Discussion
Parental age often has long-term consequences for offspring phenotype and fitness, but the mechanisms that mediate these effects remain insufficiently studied. Previous research suggests that telomeres may be an important mechanism mediating these effects, but the routes by which these effects occur are not well understood. The cross-fostering experiment used here allowed us to distinguish whether any effects of parental age on offspring telomeres occur as a result of epigenetic like and/or pre-natal effects vs. post-natal effects. Previous research in this colony of common gulls has demonstrated that offspring fitness decreases with increasing parental age: recruitment rate decreases in common gulls after the 10th breeding year (12-13 years of age) (Rattiste, 2004), and older gulls allocate less nutrients to their eggs (Urvik et al., 2018). However, despite these demonstrated effects of parental age on offspring fitness in this species, we did not find any evidence of the effect of parental age on offspring telomeres at hatching or the change in telomere length during post-natal development.
Although parental age has been shown to have both negative and positive effects on offspring telomere length (Table 4), this has not been found in all studies.
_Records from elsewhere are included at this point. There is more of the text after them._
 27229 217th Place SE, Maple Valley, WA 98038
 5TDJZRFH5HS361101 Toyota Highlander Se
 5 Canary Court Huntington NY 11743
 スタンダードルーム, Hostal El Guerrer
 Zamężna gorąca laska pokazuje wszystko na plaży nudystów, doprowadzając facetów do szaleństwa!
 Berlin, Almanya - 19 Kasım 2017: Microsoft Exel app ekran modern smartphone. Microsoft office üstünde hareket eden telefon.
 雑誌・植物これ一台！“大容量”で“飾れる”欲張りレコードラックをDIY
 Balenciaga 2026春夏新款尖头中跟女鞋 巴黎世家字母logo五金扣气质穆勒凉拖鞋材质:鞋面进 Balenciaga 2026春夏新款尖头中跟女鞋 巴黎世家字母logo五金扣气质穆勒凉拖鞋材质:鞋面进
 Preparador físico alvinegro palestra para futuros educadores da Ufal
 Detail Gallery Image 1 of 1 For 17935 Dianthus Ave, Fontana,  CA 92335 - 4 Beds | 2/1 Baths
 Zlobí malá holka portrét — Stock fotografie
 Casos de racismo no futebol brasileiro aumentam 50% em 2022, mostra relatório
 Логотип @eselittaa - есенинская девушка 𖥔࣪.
For example, no effect of parental age on offspring telomere length was found in a study of Soay sheep (Ovis aries ) despite a large sample size (Froy et al., 2017). Although bird studies have generally found a negative effect of parental age on offspring telomeres (see for example studies in alpine swifts, (Criscuolo et al., 2017), and European shags Phalacrocorax aristotelis , (Heidinger et al., 2016), this is not a universal pattern (for example, older great reed warbles Acrocephalus arundinaceus produced offspring with longer telomeres, (Asghar et al., 2015b). Also in humans the effect of paternal age is positive rather than negative, as older fathers sire offspring with longer telomeres (Broer et al., 2013). A review article summarizing these results concluded that while there is no clear pattern across species, this is unlikely to be explained by statistical noise or publication bias (Eisenberg, 2014), but rather linked to the specific biology of each species. There are also several additional factors that could contribute to these mixed results: whether the study is experimental or correlative, at what age the offspring are sampled, and whether it is a longitudinal versus cross-sectional study of parental age. Accordingly, we cannot rule out that a longitudinal set-up would have revealed an effect of parental age on offspring telomere results also in our study system, as the cross-sectional design could have obscures the within individual patterns. Another possibility is that the link between parental age and offspirng telomere length in this species was too weak to be revealed from our sample size, despite relatively good test power (Table S3). In this case, and also in the case of a missing link, it is possible that telomere length in common gulls is indeed relatively buffered from environmental influence.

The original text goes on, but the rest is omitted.